Riding of York North
|  | First party | Second party | Third party |
|  | LIB | NDP |  |
| Candidate | Maurizio Bevilacqua | Peter Devita | Micheal O'Brien |
| Party | Liberal | New Democratic | Progressive Conservative |
| Popular vote | 21,332 | 14,321 | 4,618 |
| Percentage | 49.90% | 33.50% | 10.80% |
| MP before election Maurizio Bevilacqua Liberal | Elected MP Maurizio Bevilacqua Liberal |

= 1990 York North federal by-election =

A by-election was held in the federal electoral district of York North in Ontario on December 10, 1990, to fill a vacancy caused by a ruling by the Supreme Court of Ontario that annulled the 1988 election, unseating Liberal member of Parliament (MP) Maurizio Bevilacqua. Bevilacqua contested the by-election and gained back the seat with a comfortable margin more than two years after the initial election contest, while his principal rival in the original contest, Progressive Conservative Micheal O'Brien, came in a distant third.

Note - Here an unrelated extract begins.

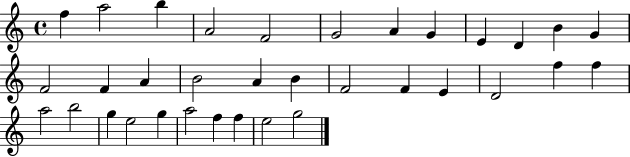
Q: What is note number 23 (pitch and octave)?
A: F5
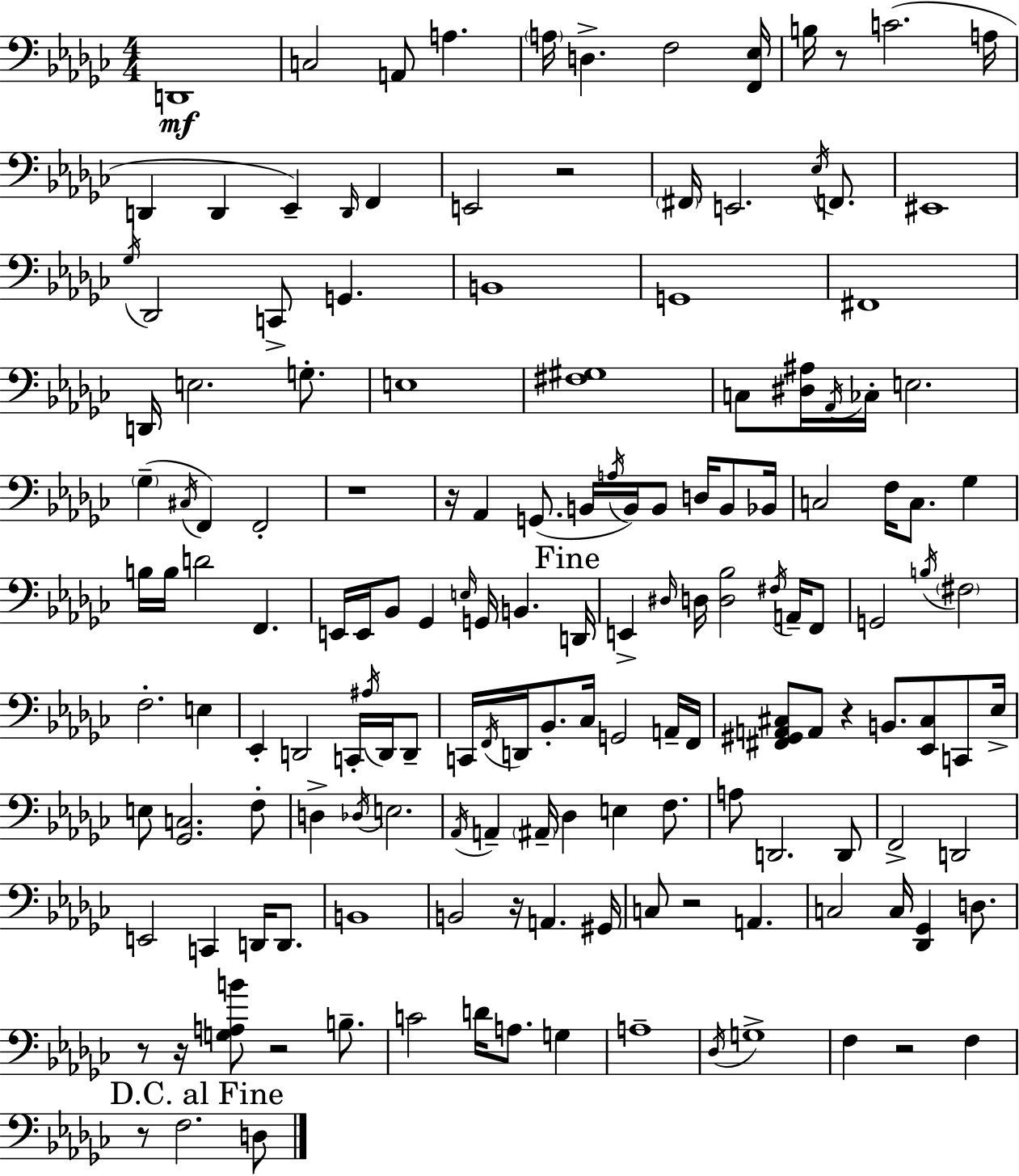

The by-election is notable for the two-year legal dispute that preceded it, involving multiple recounts and a court decision that declared the original election invalid. It was historically unique for a number of reasons:

- It was the only instance where an MP who had taken their seat in the House of Commons was ousted by a recount. (Note: While still very rare, MPs have been ousted for other reasons through contested elections. Recounts are usually completed soon after the election, long before winners would normally take their seats. In modern days, when an election is subject to a judicial recount, the returning officer is not to return the writ before the recount is completed.) Following the conclusion of the initial recount, O'Brien was declared elected, sworn into office, and participated in debates in the first sessions of the 34th Parliament.
- It was the only instance where two recounts were conducted for the same election and the result was changed after both recounts
- It was the only instance where two federal MPs were sworn in and served in the House of Commons following the same election (Note: There were provincial precedents in the late 1800s, however.), and the only time that two members elected from the same contest were unseated.
- It was the final instance where an MP was removed from office through the Dominion Controverted Elections Act, before that legislation was repealed in 2000. It was replaced by Part 20 of the Canada Elections Act.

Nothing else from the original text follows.